Le déclin du présidentialisme et la crise institutionnelle

Franck-Abed


Depuis plusieurs années, un constat s’impose à tous, quelles que soient les sensibilités politiques et les horizons intellectuels : la fonction présidentielle se délite, s’use et se vide de sa crédibilité. Loin d’être perçue comme le sommet stable et incontesté de l’autorité politique, elle apparaît désormais affaiblie, en perte de vitesse et incapable d’incarner durablement l’unité nationale.

Ce phénomène s’est considérablement accentué depuis 2017 : les deux mandats d’Emmanuel Macron ont révélé, avec une brutalité saisissante, les fragilités d’une magistrature suprême désormais en tension permanente avec le pays réel, surmédiatisée, sollicitée jusqu’à la corde et plus grave encore, de moins en moins respectée.

Chaque prise de parole du Président, du Premier ministre ou des membres du gouvernement accentue l’effritement du pouvoir et dévoile une vulnérabilité impossible à dissimuler.

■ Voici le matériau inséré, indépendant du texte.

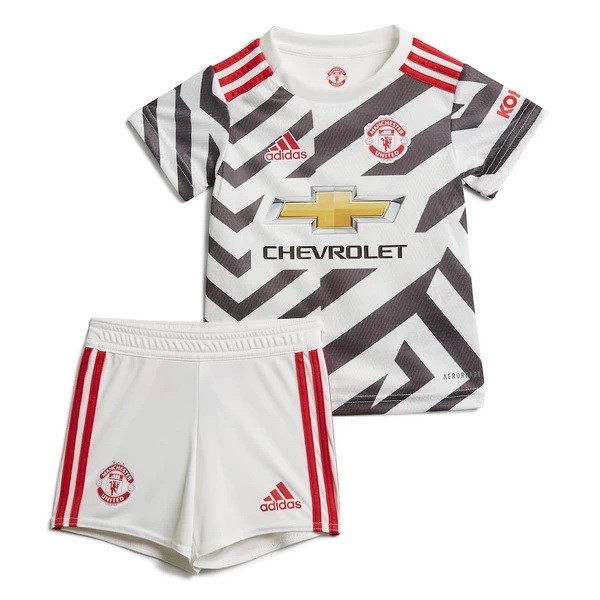 Camiseta Manchester United 3ª Kit Niños 2020 2021 Blanco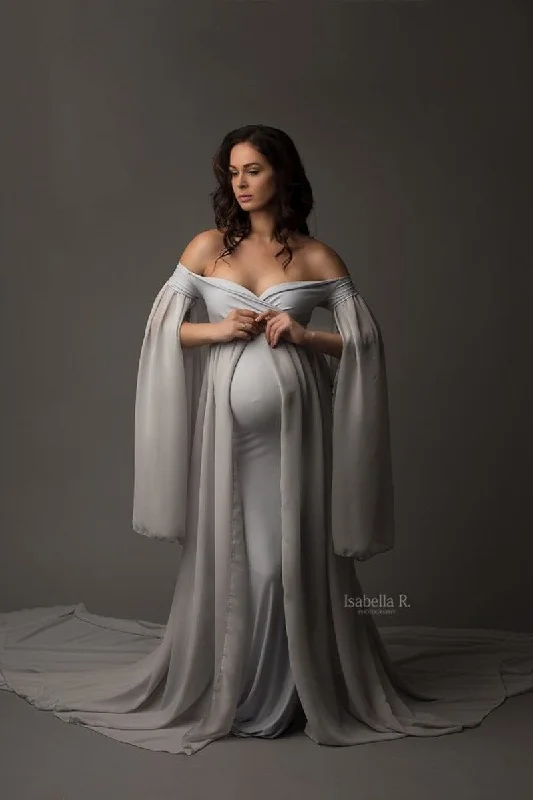 Chiffon Cloak Maternity Party Dress Photograph Photography Long Skirt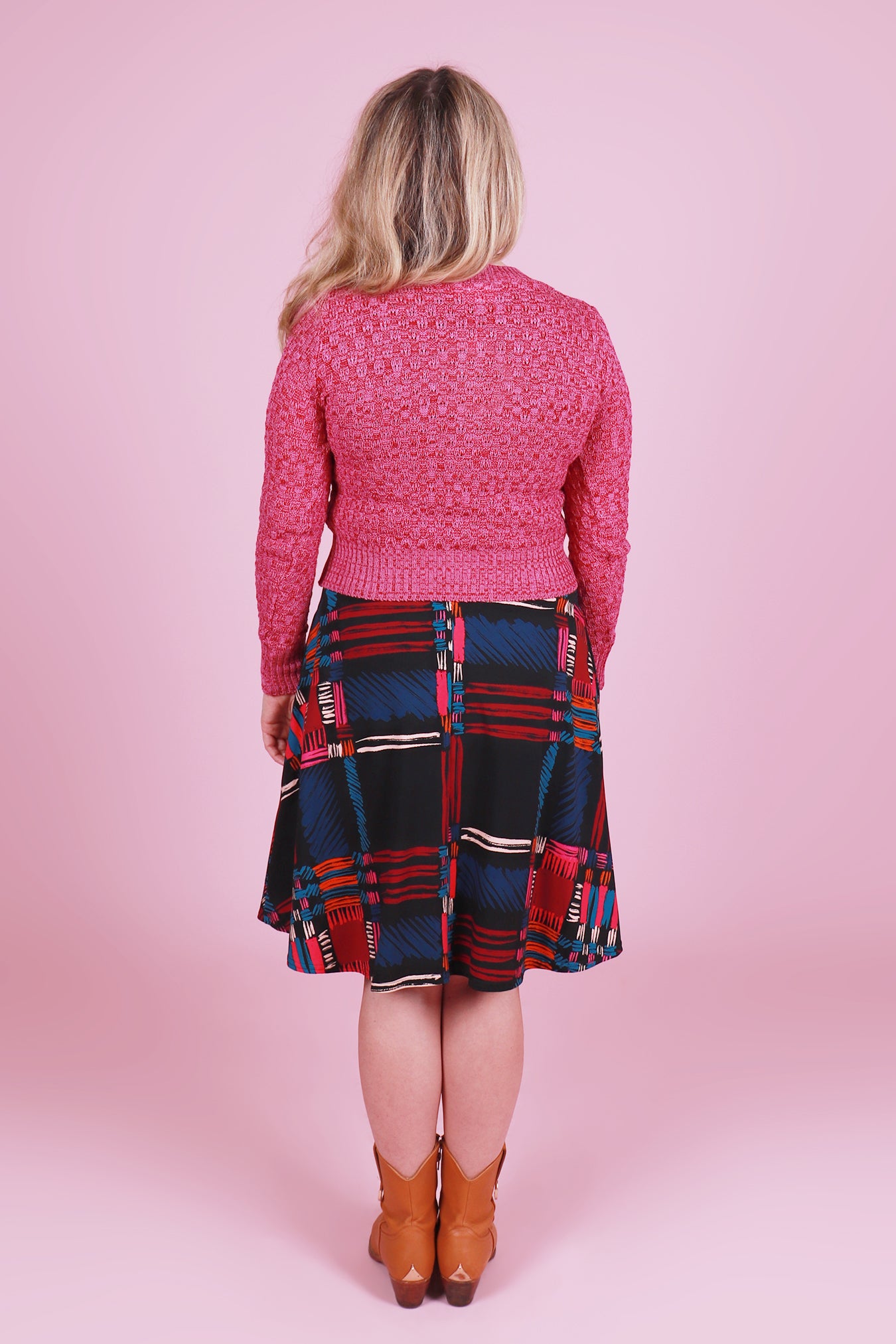 Primrose Cardie Marble Boysenberry Swirl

Le simple exercice de l’autorité révèle désormais les limites de cette République, fondée sur des mythes politiques épuisés, la dramatisation permanente, la communication compulsive et une classe dirigeante plus que jamais déconnectée des vrais enjeux politiques et sociaux.

En définitive, cette usure et cette décrédibilisation ne s’enracinent pas seulement dans les personnalités placées au sommet de l’État ni dans les scandales qui ont marqué la Ve République : elles manifestent l’épuisement d’un système devenu incapable d’assumer ses prérogatives. Elles révèlent également une véritable déchirure entre le peuple et les dites élites. L’incapacité croissante du système républicain à affronter les défis de notre époque tient à une caste politique incompétente, plus préoccupée de ses intérêts particuliers que du Bien commun. Le présidentialisme est devenu la scène où se rejouent inlassablement les mêmes tensions, à savoir l’opposition stérile entre un État faussement fort et un désenchantement collectif, la dilution de l’autorité réelle et la quête continuelle d’une légitimité… introuvable.

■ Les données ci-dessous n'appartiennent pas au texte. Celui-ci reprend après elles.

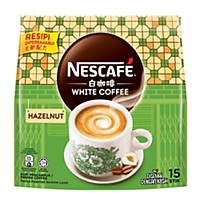 Nescafe White Coffee Hazelnut 33g - Pack of 15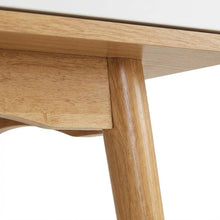 Natural wood office desk with ash veneer and sturdy frame for modern workspace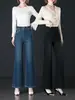 3168 Jeans Acampanados Nuevos de Primavera y Otoño, Pantalones de Mezclilla Cola de Pez, Versátiles, Patrón Estrellado, Lentejuelas de Moda, Efecto Adelgazante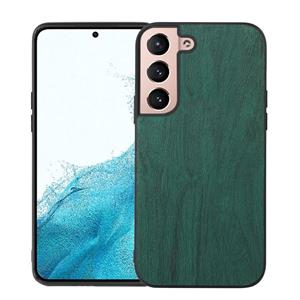 huismerk Voor Samsung Galaxy S22 5G Hout Texture PU-telefoonhoes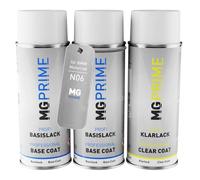 MG PRIME Peinture moto kit bombe aérosol pour BMW Motorrad N06 Feuerorange Uni de fond de base de vernis bombe aérosol 400ml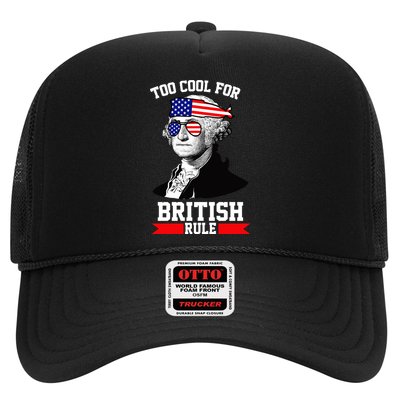 Too Cool For British Rule Trucker Hat
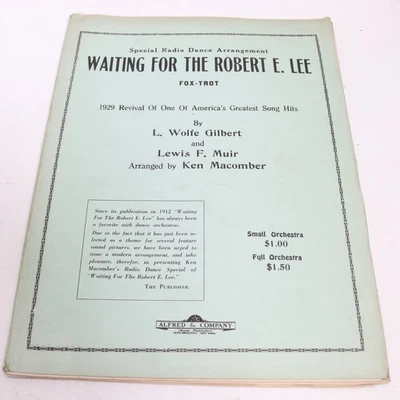 Waiting for the Robert E Lee Foxtrot Sax Orchestra 8 Parts Sheet Music Score - Image 1 of 4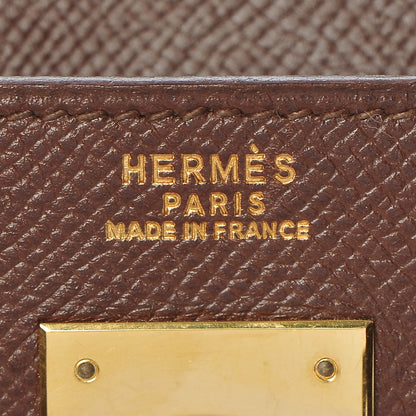 Hermes Courchevel Kelly Retourne 32 Chocolate 9 of 44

Or, pour qui scrute cette involution politique à la lumière de la doctrine sociale catholique et de la pensée royaliste, le constat est sans appel : ce déclin révèle l’échec du projet républicain, fondé sur des bases instables et trompeuses. Dans notre tradition politique, la légitimité du pouvoir ne découle ni de la richesse, ni de la force des médias, ni du vote populaire, toujours fluctuant et subissant la pression médiatique constante. Le monarque, lui, se tient au‑dessus de la mêlée : son autorité puise sa légitimité dans l’ordre institutionnel, le respect des corps intermédiaires et la continuité historique, assurant que l’Etat soit au service du Bien Commun et non des intérêts fugaces d’une opinion changeante.

L’idéalisme démocratique contemporain, avec son culte du chef et de la popularité immédiate, oublie que le pouvoir politique existe pour servir le Bien, le Beau et le Vrai. Il ne peut s’exercer sereinement que dans un cadre de principes immuables et dans le respect des traditions. Lorsqu’il se concentre entre les mains d’un dirigeant isolé, dépendant de l’humeur des électeurs, prisonnier des sondages et vulnérable aux pressions de toutes sortes, le pouvoir s’affaiblit, se dérègle et s’expose aux excès comme aux déconvenues. La personnalisation extrême du pouvoir rompt le lien avec les Français, fragilise les institutions et menace la cohésion nationale, triste réalité que nul ne peut aujourd’hui ignorer.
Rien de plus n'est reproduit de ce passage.